A classe média está com raiva,
afirmou o professor da Unicamp
Waldir Quadros. "Só não explodiu
ainda porque também está confusa", dizia o professor em 2004. Essa
raiva está começando a se manifestar. Os estudantes universitários e,
em seguida, os professores estão em
efervescência, dando vazão ao que
antes era canalizado pelos movimentos ideológicos de esquerda.
Mas também os funcionários públicos, os profissionais liberais por
meio de suas entidades, os que se dedicam à cultura e às artes que buscam desesperados os raros patrocinadores, os pequenos e médios empresários que sobrevivem com dificuldades crescentes esmagados pelos impostos. E muitos que atuam
na área de serviços, sem voz porque
estão dispersos, revelam uma certa
amargura.
A classe média em crescimento é
um fenômeno do capitalismo moderno, pois ela detém um padrão de
consumo que vai além do suprimento das suas necessidades de sobrevivência. A principal característica
universal da classe média é que os filhos possam ter uma vida melhor do
que seus pais. E é exatamente essa
visão que desapareceu no âmbito da
massa imensa dos jovens brasileiros. Será que a verdadeira angústia
dos estudantes é não enxergarem se
vão conseguir emprego quando concluírem seu curso?
Os mais veteranos, como eu, lembramo-nos do tempo em que obter
uma graduação universitária ou
profissionalizante era um meio seguro de conseguir uma posição quase sempre melhor do que a da geração anterior. Hoje, quantos pais e
avós têm que ajudar os seus descendentes, que não acham emprego ou
obtêm uma renda baixa?
O fenômeno político que explica a
vitória eleitoral do presidente Lula,
com dois terços dos votos, resulta do
fato de que as camadas mais pobres
tiveram, nos anos recentes, uma
melhora de renda. A classe média é
que está imprensada entre os poucos ricos e os muitos trabalhadores.

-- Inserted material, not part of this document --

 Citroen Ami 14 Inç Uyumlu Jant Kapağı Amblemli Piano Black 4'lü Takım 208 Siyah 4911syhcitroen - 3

Mas, ao longo do tempo, é ela a formadora de opinião, até porque a capacidade de alçar, embora de modo
relativo, o padrão da grande maioria
mais pobre está próxima do limite.
O milagre da multiplicação dos pães
não vai se repetir indefinidamente.
Para tentar explicar ou até justificar as crescentes dificuldades de
empresas ou segmentos inteiros do
setor manufatureiro, atingidos fortemente por uma política cambial
ruinosa, os chamados analistas e até
mesmo altas autoridades, citam a
"destruição criativa".
A "destruição criativa", espécie de
darwinismo aplicado à sociedade
humana, afirma que empresas morrem por serem ineficientes, destruídas por novos empreendedores
mais eficientes. Mas a "destruição
criativa" não pode ser aplicada a toda uma parte vital e criativa da sociedade brasileira, a classe média.

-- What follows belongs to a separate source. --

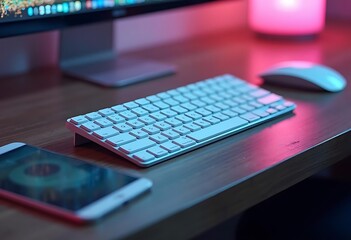 Black office desk table with computer and coffe cup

O emprego e a empregabilidade
estão no centro dos problemas de
sua inserção numa sociedade cada
vez mais complexa. O setor de serviços, especialmente nas atividades de
maior conteúdo tecnológico, revela
a dificuldade da oferta de postos de
trabalho qualificados. A indústria,
embora crescendo menos, encontra
as mesmas resistências.
Mas, de modo abrangente somente mudanças e reformas, com crescimento econômico numa escala bem
maior do que a atual, serão capazes
de fazer retornar a esperança da
classe média, maior sofredora dos
equívocos da política econômica
adotada por tantos anos.
BORIS TABACOF é diretor do Departamento de Economia
do Ciesp e vice-presidente do Conselho de Administração
da Suzano.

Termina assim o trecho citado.